But if we have an interest in involving not only those already heavily involved, we have to be creative and effective in the use of meaningful, text-based hyperlinks, making the implicit explicit and the technical easily comprehensible for the wider audience we want to reach out to without losing our immediate target group(s).

Creating a European public sphere is thus absolutely possible - we just need to use the right hyperlinks!

Tuesday, 30 June 2009

Why the "Coulisses de Bruxelles" is not a really good blog

Something that is always striking me at Jean Quatremer's Coulisses de Bruxelles is that he almost never quotes other blogs.

In fact, over the last 30 "blog" posts (that is three weeks) he doesn't link almost anybody beside himself and sometimes La Tribune (see for example his latest post).
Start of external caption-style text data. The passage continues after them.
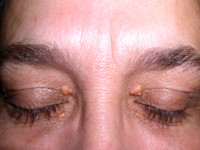Xanthelasma palpebrarum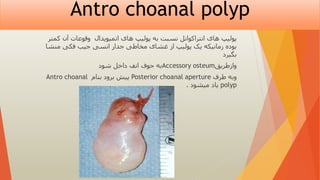 Antro choanal polyp
‫کمتر‬ ‫آن‬ ‫وقوعات‬ ‫اتمیویدال‬ ‫های‬ ‫پولیپ‬ ‫به‬ ‫نسبت‬ ‫انتراکوانل‬ ‫های‬ ‫پولیپ‬
‫منشا‬ ‫فکی‬ ‫جیب‬ ‫انسی‬ ‫جدار‬ ‫مخاطی‬ ‫غشای‬ ‫از‬ ‫پولیپ‬ ‫یک‬ ‫زمانیکه‬ ‫بوده‬
‫بگیرد‬
‫جوف‬ ‫به‬
‫داخل‬ ‫انف‬
‫شود‬ Accessory osteum‫وازطریق‬
‫طرف‬ ‫وبه‬
Posterior choanal aperture
‫بنام‬ ‫برود‬ ‫پیش‬
Antro choanal
polyp
‫میشود‬ ‫یاد‬
.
How can you write a "blog" and not even quote others (which necessarily would be accompanied by links)?

If even Charlemagne is able to quote a blogger from time to time, why shouldn't it be possible in the "Coulisses de Bruxelles"?!

Blogging is about creating debates, about interaction, and without really reacting to others, writing remains a simple, one-dimensional activity as we are used in print.

In fact, the Coulisses are registered on Technorati, which ranks blogs according to their in-links, and it is pretty highly ranked. This means that other bloggers often consider what Jean is writing by giving him credit for that - while he is extremely hesitant to do the same.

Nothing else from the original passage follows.